_Your instructions_
The reply needs the lines from the one containing "Photo of the" through the end of the material, each repeated exactly, and no pictures.

_Dataset content_
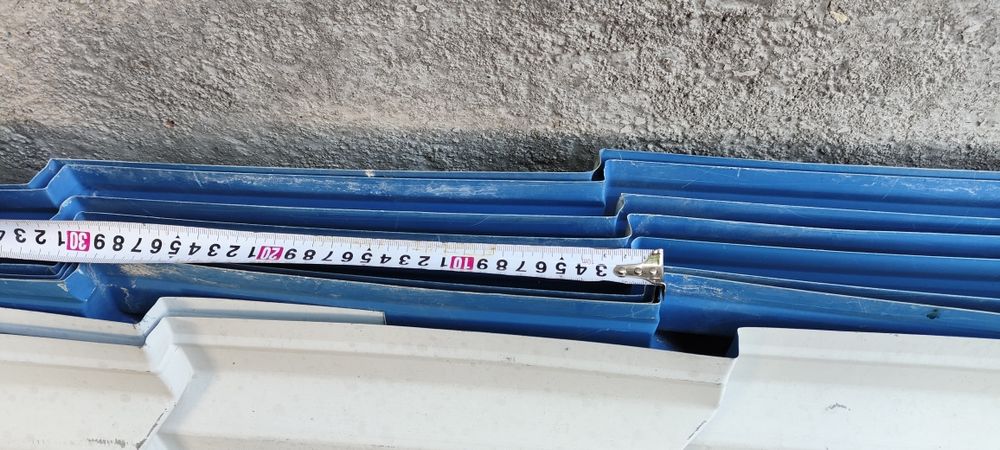 Каскад синий б/у                                      .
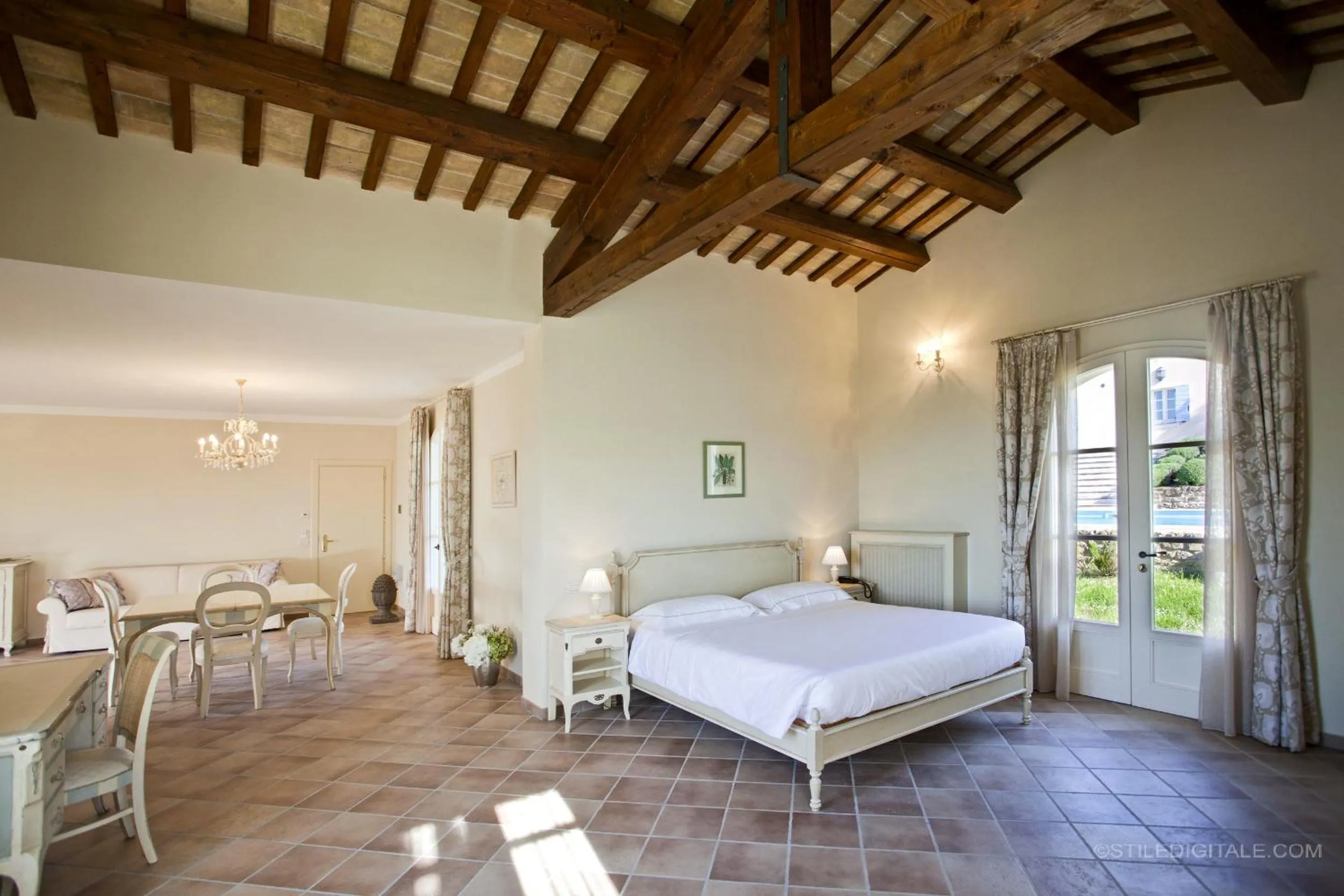 Photo of the whole room, Bed in Borgo Conde Wine Resort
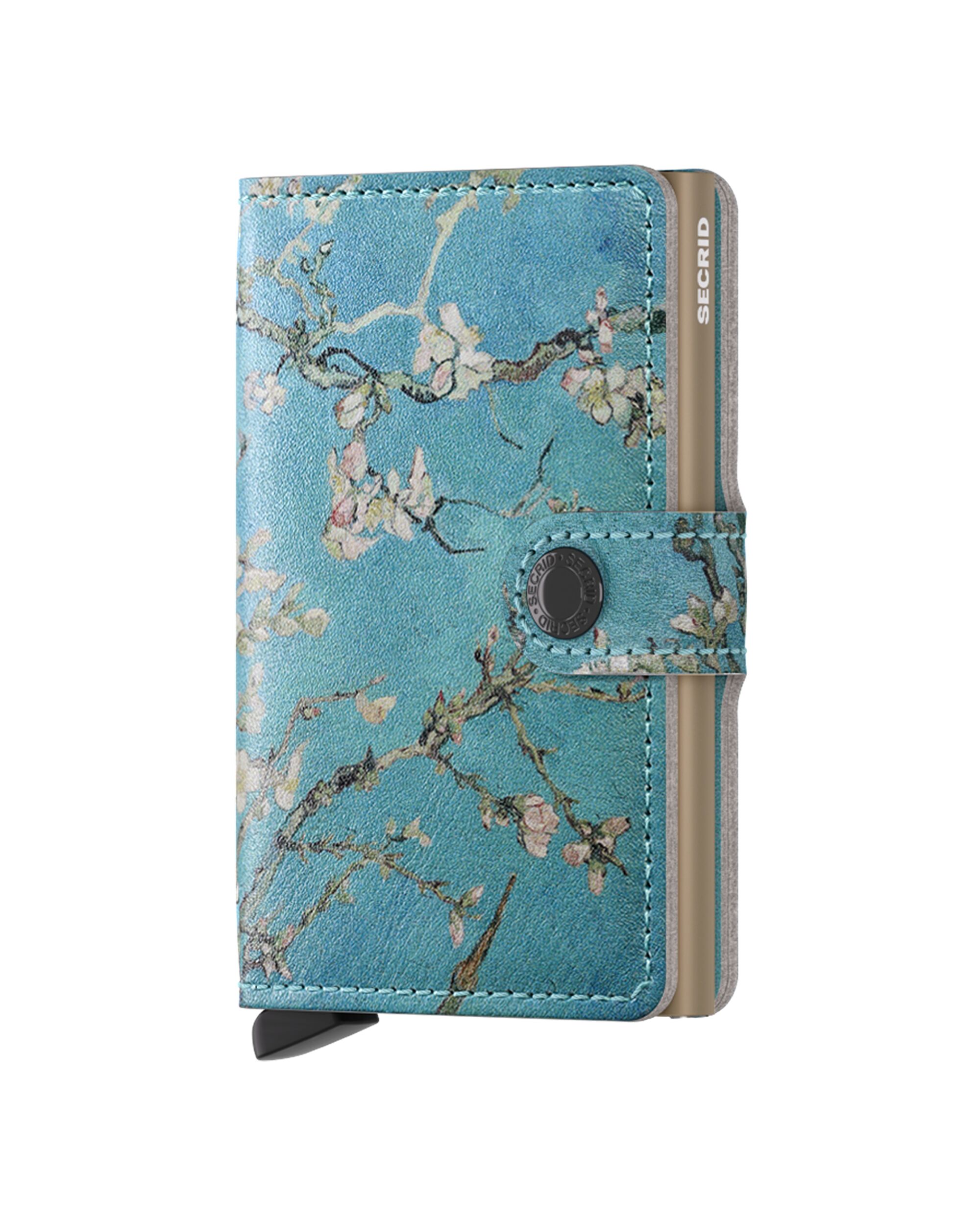 Secrid Miniwallet Art Almond Blossom – Vorderansicht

_Result of this exercise_
 Photo of the whole room, Bed in Borgo Conde Wine Resort
 Secrid Miniwallet Art Almond Blossom – Vorderansicht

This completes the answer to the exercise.